WHAT THE TASK REQUIRES: Your copy should hold every record verbatim and none of the pictures.

[Short web captions]
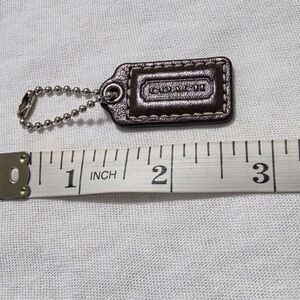 Coach XS Dark Brown Leather Hangtag
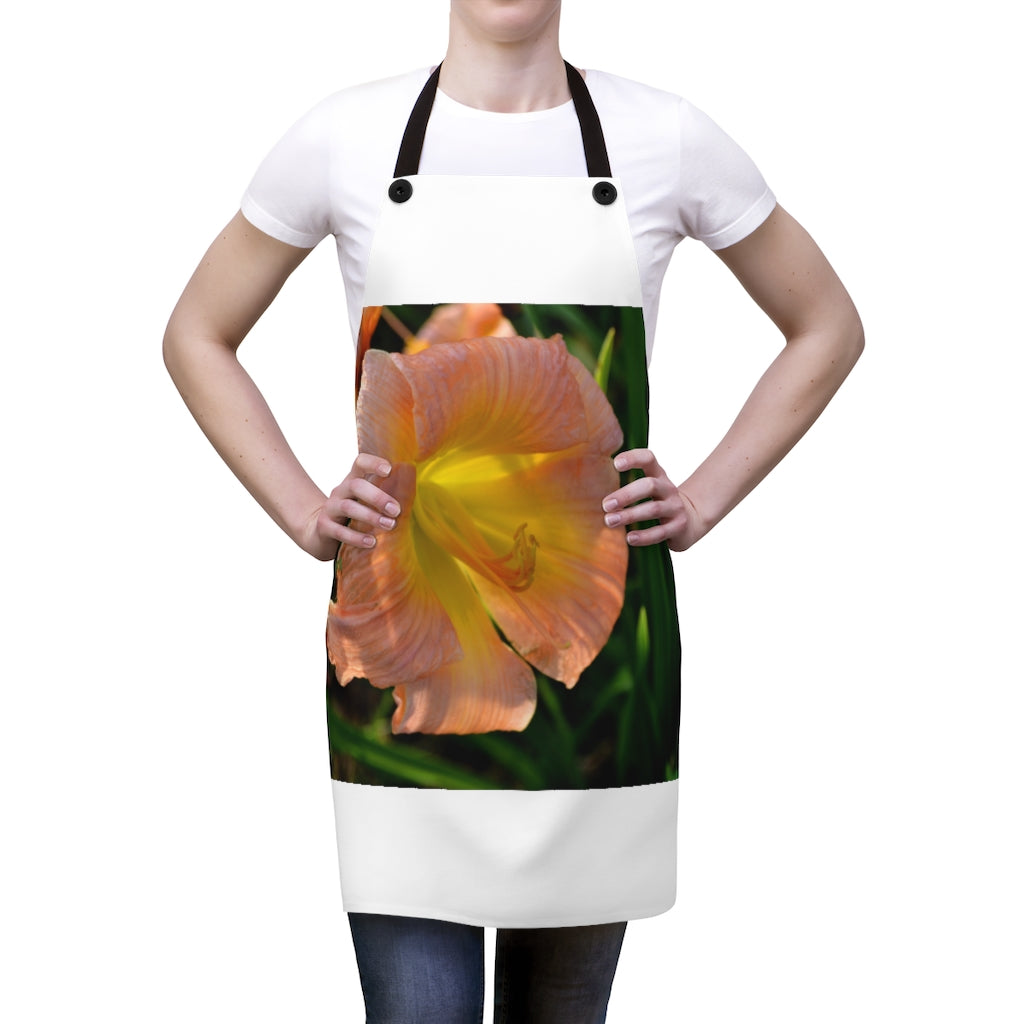 Peach and yellow flower apron with black detachable twill straps, perfect for cooking.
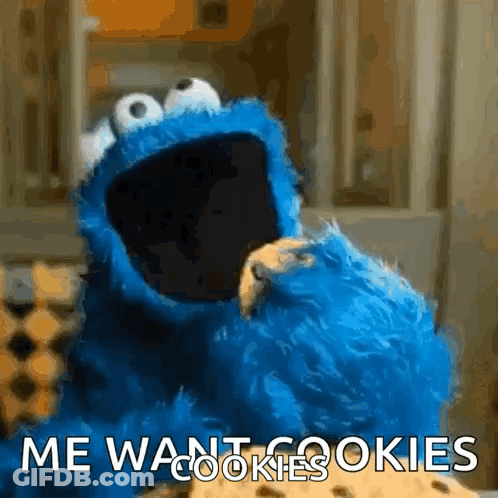 Cookie Monster Holding Cookie Saying Me Want Cookies GIF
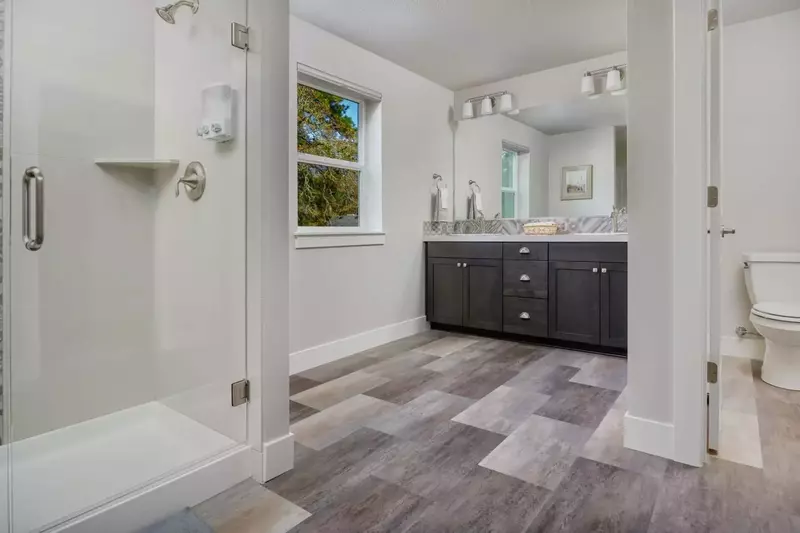 Huge primary bathroom filled with upgrades and dual sinks.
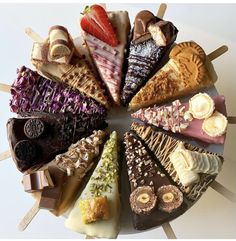 an assortment of desserts arranged in a circle on sticks with chocolate, strawberries and other toppings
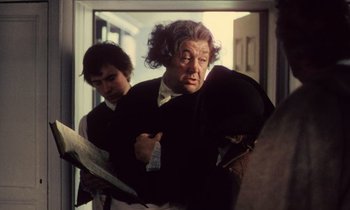 Movie still from “Black Jack” (1979), directed by Ken Loach – A man in a black jacket and a man in a white shirt; Medium shot, Over the shoulder angle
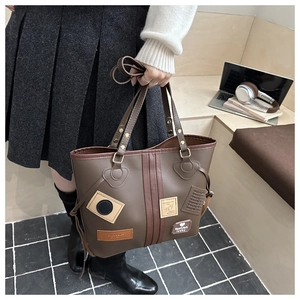 Detailed view of the dark brown tote bag featuring trendy decorative patches and double handles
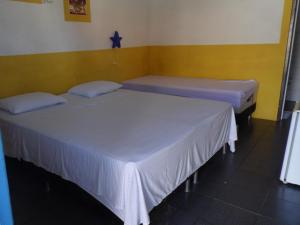 Pousada Aldeia do Sossego客房内的一张或多张床位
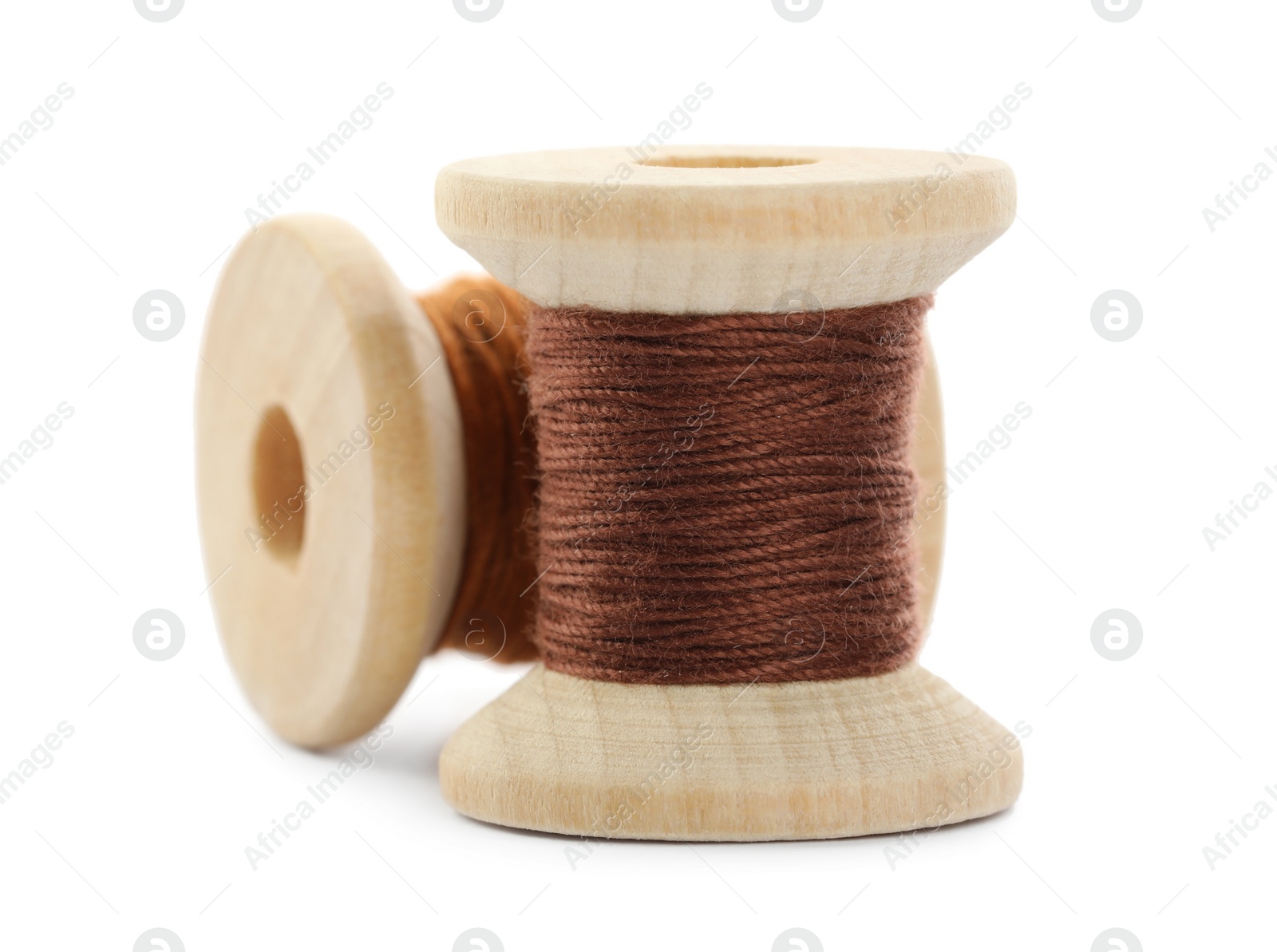 Photo of Different colorful sewing threads on white background, closeup
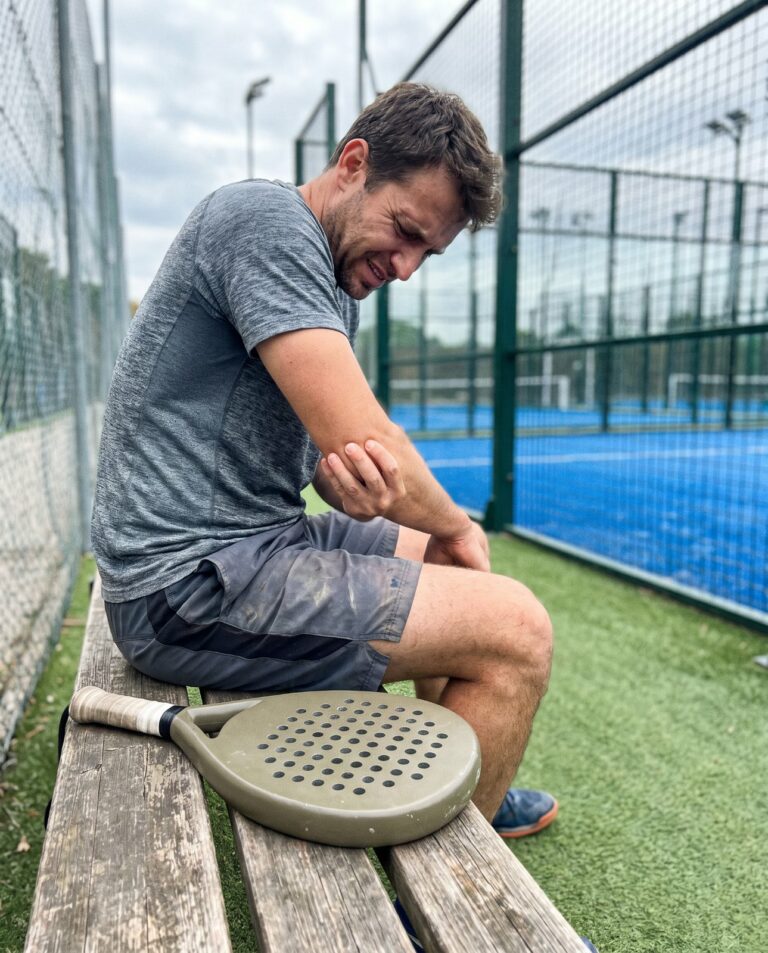 Joueur de padel se tenant le coude sur un banc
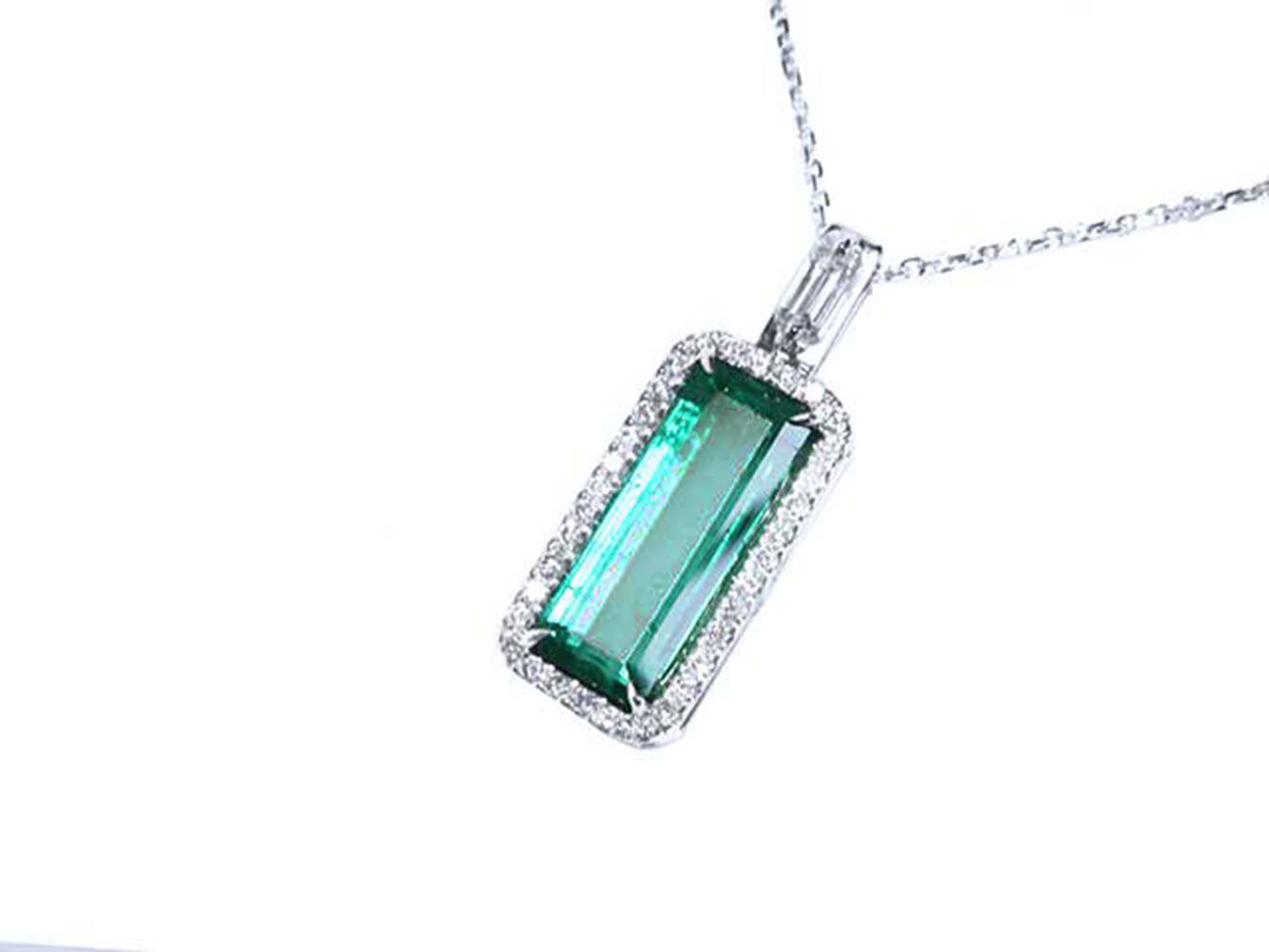 The topside view of a natural emerald pendant with halo diamond on a white background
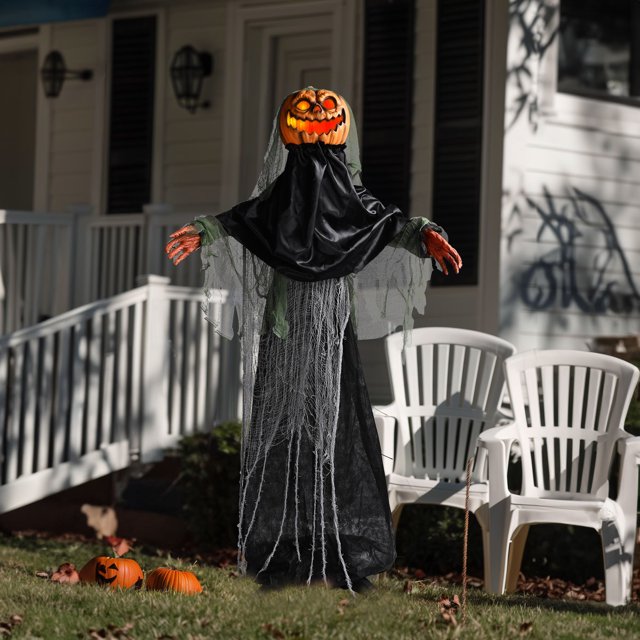 yescom scary animated halloween pumpkin decorations 5.4ft with motion & sound activated glowing head 2024 centered front-facing view of a 5.4 ft (164 cm) animatronic pumpkin ghost with a glowing carved jack-o'-lantern head, black polyester drape and tattered gray gauze overlay, outstretched orange ghost-like hands, flashing red lights in the head, freestanding on a four-leg base on a sunlit front porch lawn with white plastic chairs behind; battery-powered, sound-and-touch activated with three-mode control and tool-free assembly, suitable for porch or party décor and often used to create a spooky entryway display.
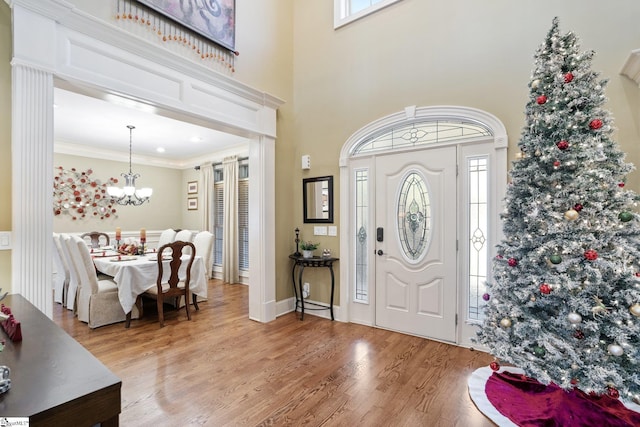 foyer entrance with a chandelier, wood-type flooring, a wealth of natural light, and ornamental molding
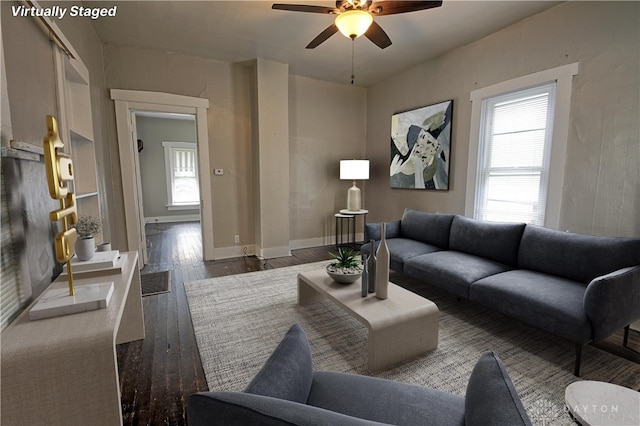 living room with dark wood-type flooring and ceiling fan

EXPECTED OUTPUT:
 Coach XS Dark Brown Leather Hangtag
 Peach and yellow flower apron with black detachable twill straps, perfect for cooking.
 Cookie Monster Holding Cookie Saying Me Want Cookies GIF
 Huge primary bathroom filled with upgrades and dual sinks.
 an assortment of desserts arranged in a circle on sticks with chocolate, strawberries and other toppings
 Movie still from “Black Jack” (1979), directed by Ken Loach – A man in a black jacket and a man in a white shirt; Medium shot, Over the shoulder angle
 Detailed view of the dark brown tote bag featuring trendy decorative patches and double handles
 Pousada Aldeia do Sossego客房内的一张或多张床位
 Photo of Different colorful sewing threads on white background, closeup
 Joueur de padel se tenant le coude sur un banc
 The topside view of a natural emerald pendant with halo diamond on a white background
 yescom scary animated halloween pumpkin decorations 5.4ft with motion & sound activated glowing head 2024 centered front-facing view of a 5.4 ft (164 cm) animatronic pumpkin ghost with a glowing carved jack-o'-lantern head, black polyester drape and tattered gray gauze overlay, outstretched orange ghost-like hands, flashing red lights in the head, freestanding on a four-leg base on a sunlit front porch lawn with white plastic chairs behind; battery-powered, sound-and-touch activated with three-mode control and tool-free assembly, suitable for porch or party décor and often used to create a spooky entryway display.
 foyer entrance with a chandelier, wood-type flooring, a wealth of natural light, and ornamental molding
 living room with dark wood-type flooring and ceiling fan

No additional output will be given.